**Task brief**.
From the line with "[upl. by Elvyn]" to the end of the data below, restate each line word for word, both ends included, without the pictures.
Records shown START
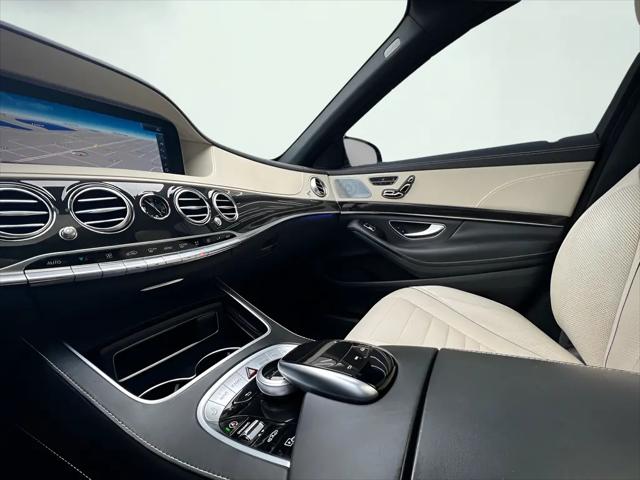 2018 Mercedes-Benz S 560 S 560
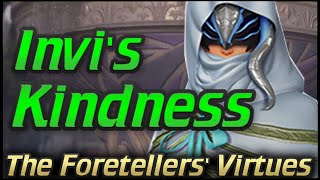 Invis Kindness  The Foretellers Virtues  Kingdom Hearts  TheoryDiscussion [upl. by Elvyn]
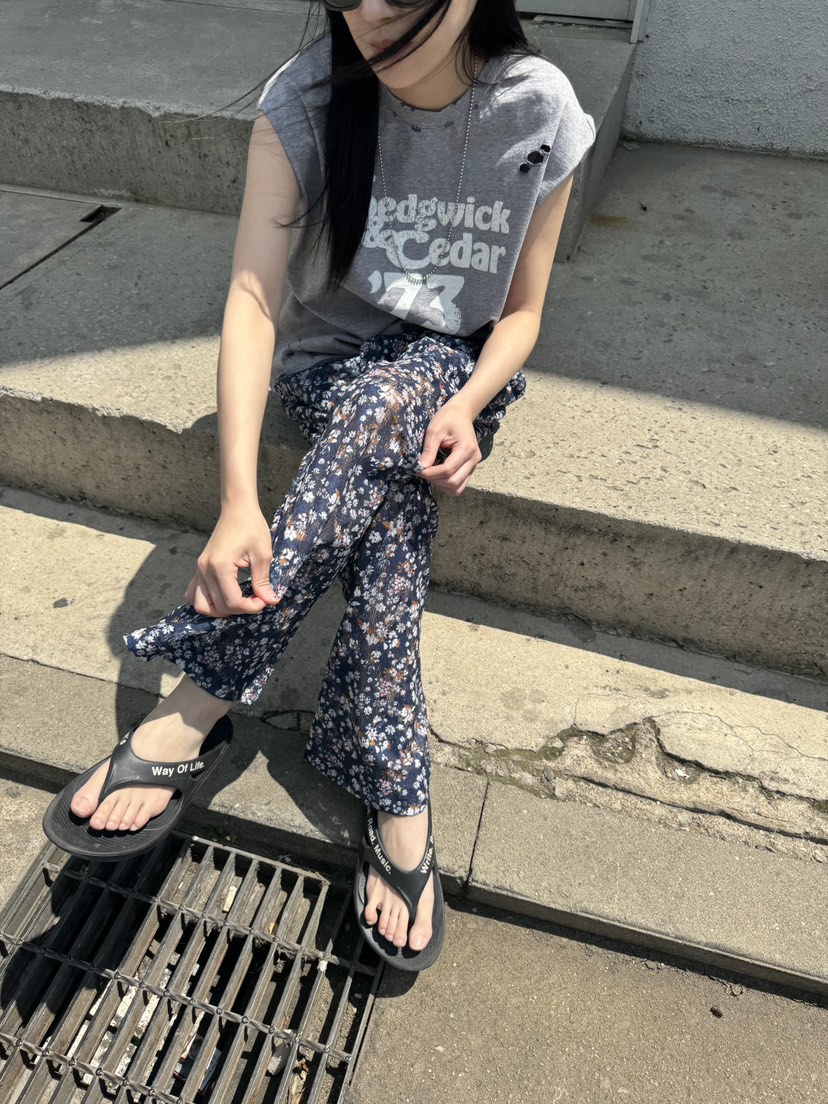 FRANC—L韓國直郵女士新品25春夏時尚人氣推薦熱賣吊帶背心FRANC吊帶/背心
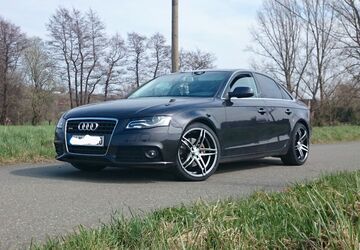 Audi A4 170.000 km 6.800 &euro; Lützen 06686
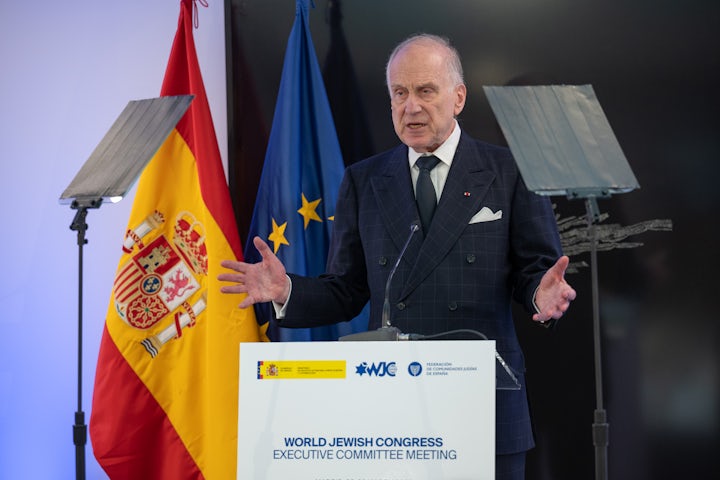WJC Commends Spain for Agreeing to Host Global Forum on Antisemitism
Records shown END
**Response to the task**.
 Invis Kindness  The Foretellers Virtues  Kingdom Hearts  TheoryDiscussion [upl. by Elvyn]
 FRANC—L韓國直郵女士新品25春夏時尚人氣推薦熱賣吊帶背心FRANC吊帶/背心
 Audi A4 170.000 km 6.800 &euro; Lützen 06686
WJC Commends Spain for Agreeing to Host Global Forum on Antisemitism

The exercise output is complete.